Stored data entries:
BEGIN

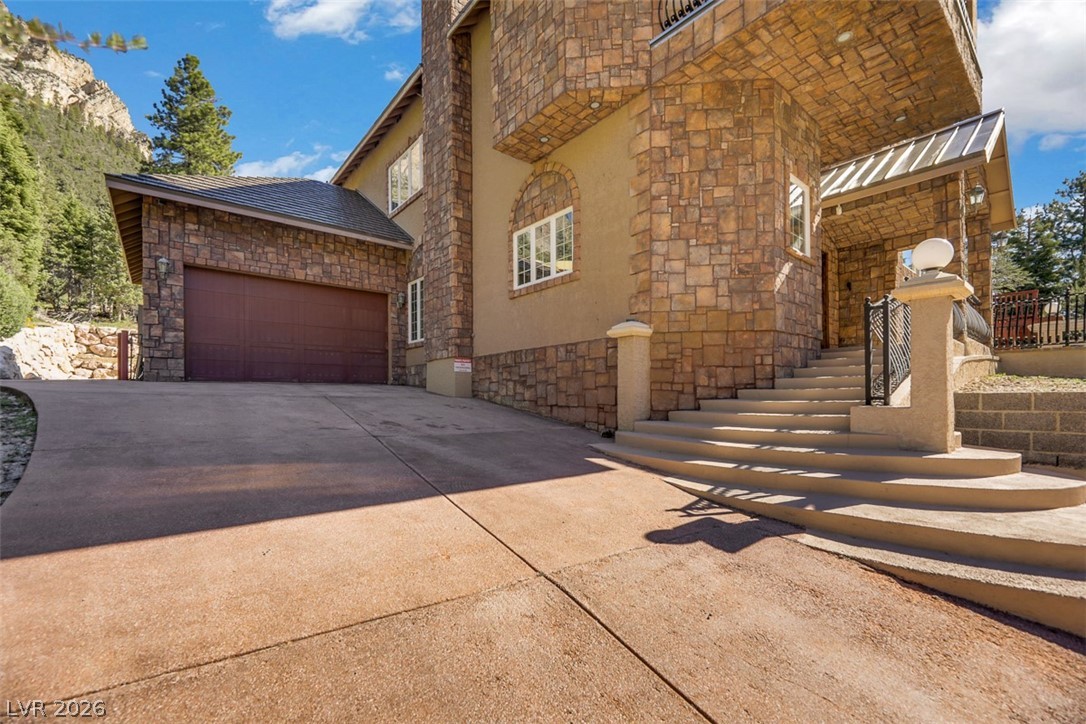 264 Crestview Drive Mount Charleston, NV 89124 - Photo 7 of 78 This home features a stone and stucco exterior with a garage and a grand staircase leading to the entrance.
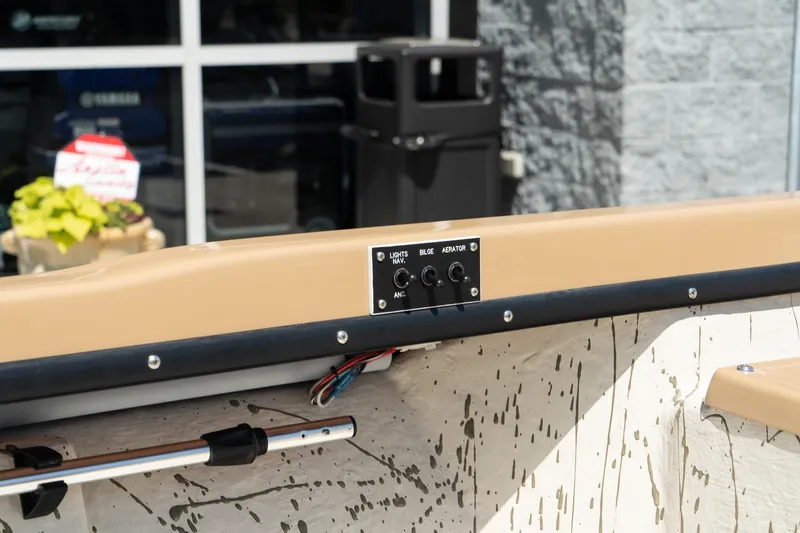 Slide: The Image of Control panel on Mi Tide V1408 boat, 2024 model, with switches for lights, bilge, and aerator. - 16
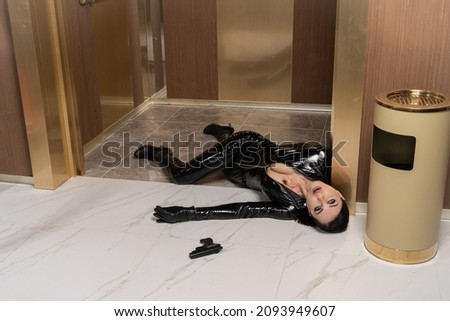 Hit woman. Woman in a latex suit killed in gunfire shot in the chest

 Royalty-Free Stock Photo #2093949607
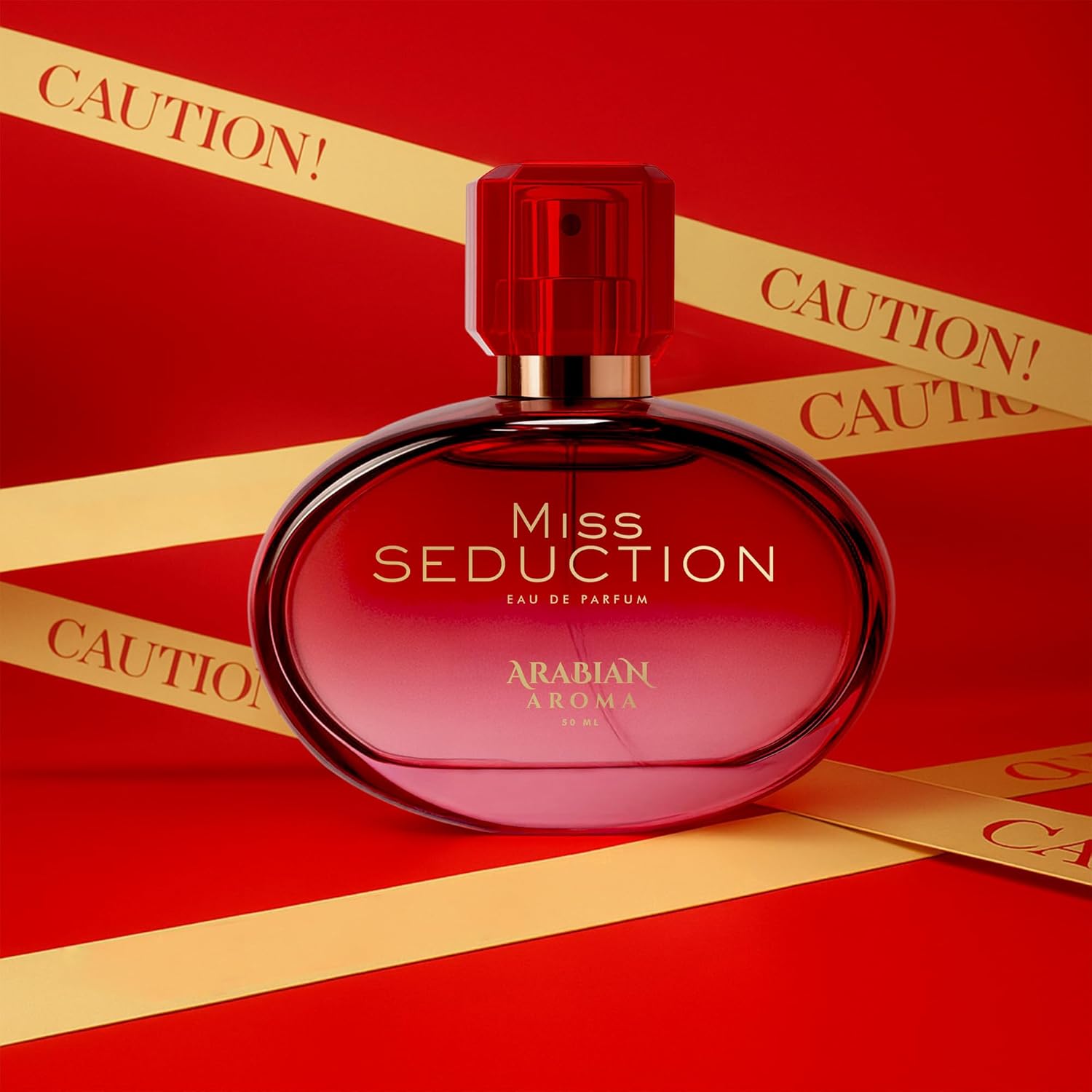 Red 'Miss Seduction' perfume bottle with gold ribbons on a red background
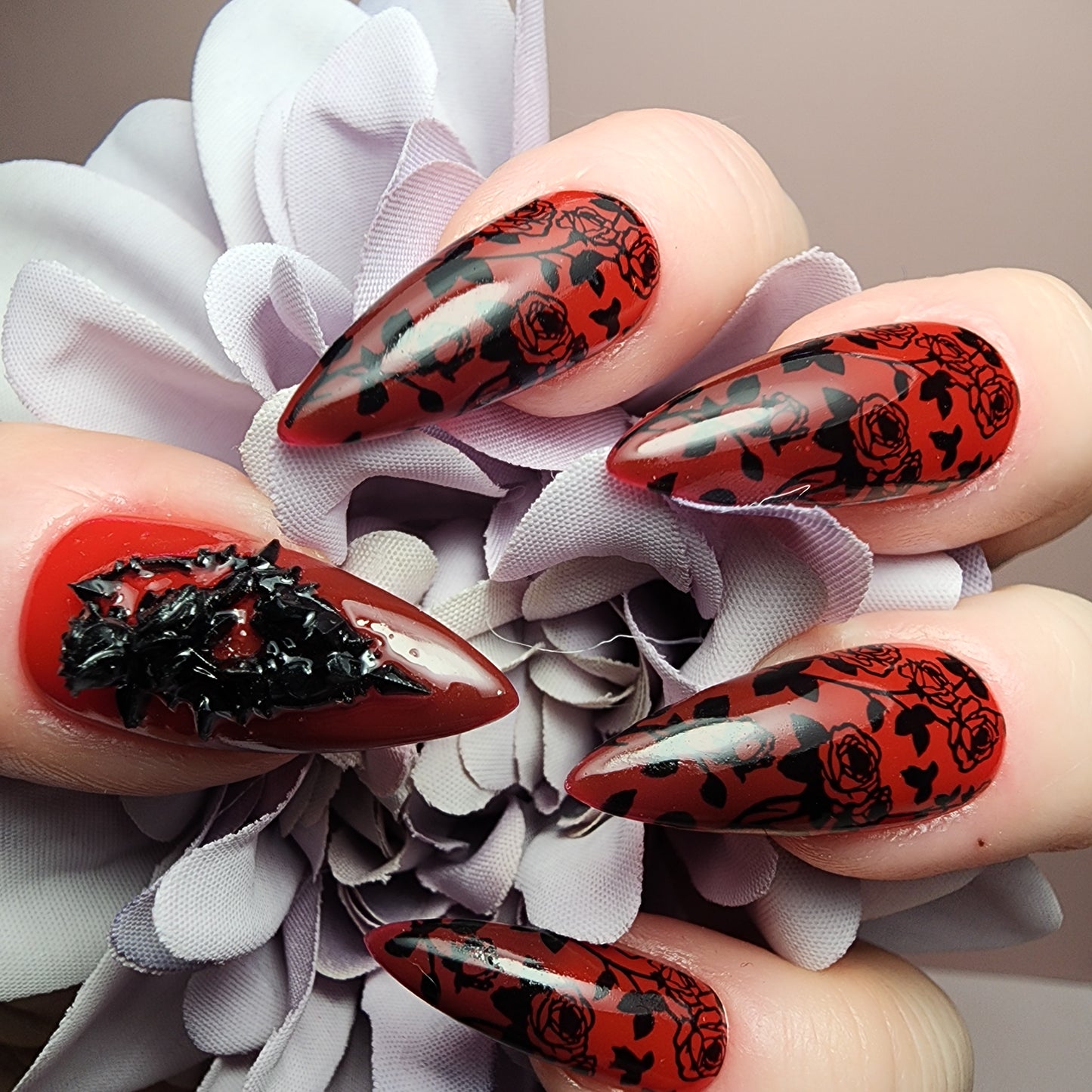 Dark romantic press on nails with heat-changing gel polish that shifts from deep red to crimson red, finished with gothic black rose art.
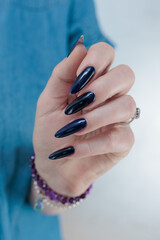 Woman's beautiful hand with long nails and dark blue manicure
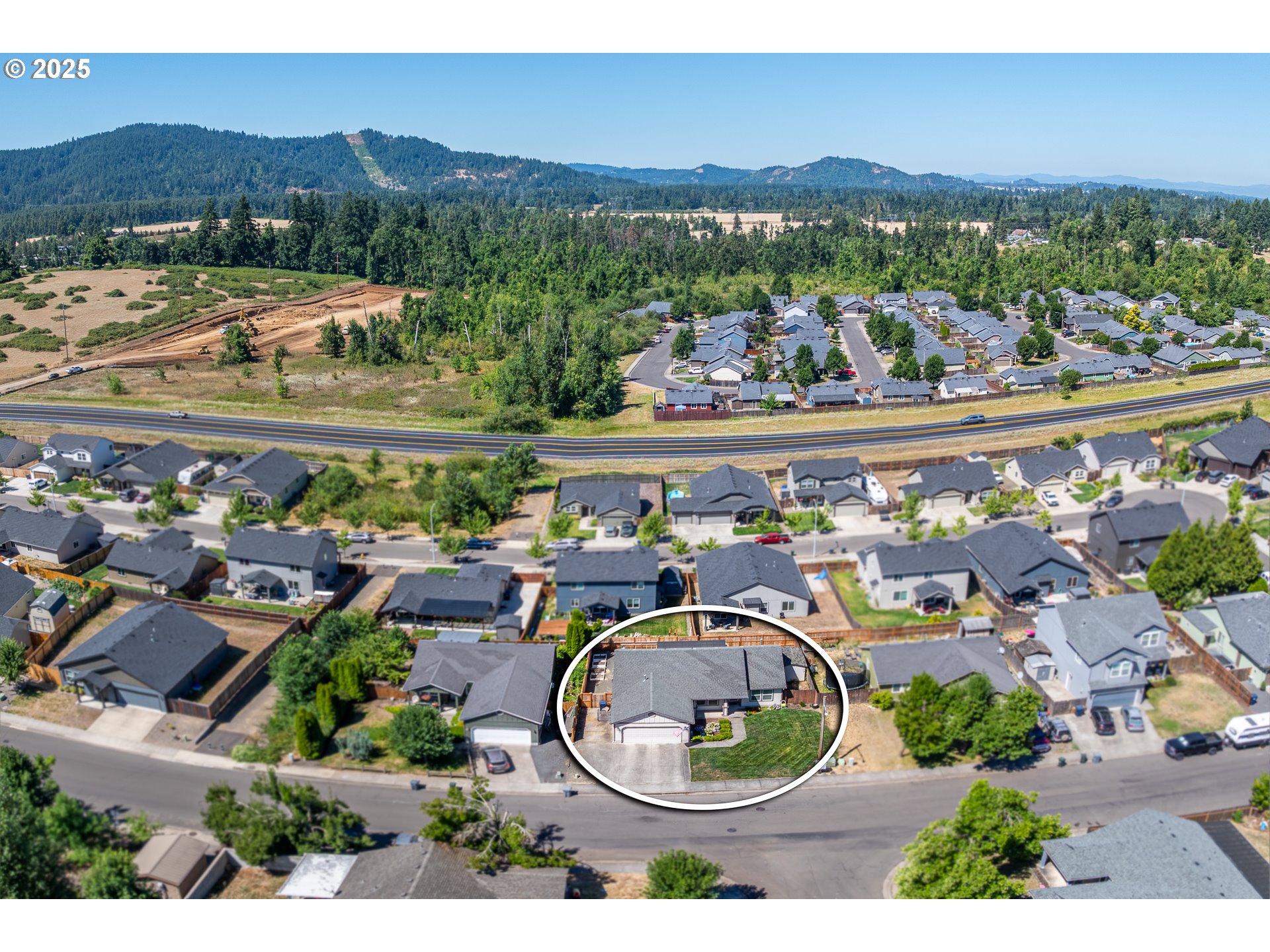 2002 South 60th Street Springfield, OR 97478 - Photo 41 of 47 an aerial view of a house with a yard and lake view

END

* ASSIGNED TASK *
Give back the entries verbatim. Do not include any picture.

* EXERCISE OUTPUT *
 264 Crestview Drive Mount Charleston, NV 89124 - Photo 7 of 78 This home features a stone and stucco exterior with a garage and a grand staircase leading to the entrance.
 Slide: The Image of Control panel on Mi Tide V1408 boat, 2024 model, with switches for lights, bilge, and aerator. - 16
 Hit woman. Woman in a latex suit killed in gunfire shot in the chest

 Royalty-Free Stock Photo #2093949607
 Red 'Miss Seduction' perfume bottle with gold ribbons on a red background
 Dark romantic press on nails with heat-changing gel polish that shifts from deep red to crimson red, finished with gothic black rose art.
 Woman's beautiful hand with long nails and dark blue manicure
 2002 South 60th Street Springfield, OR 97478 - Photo 41 of 47 an aerial view of a house with a yard and lake view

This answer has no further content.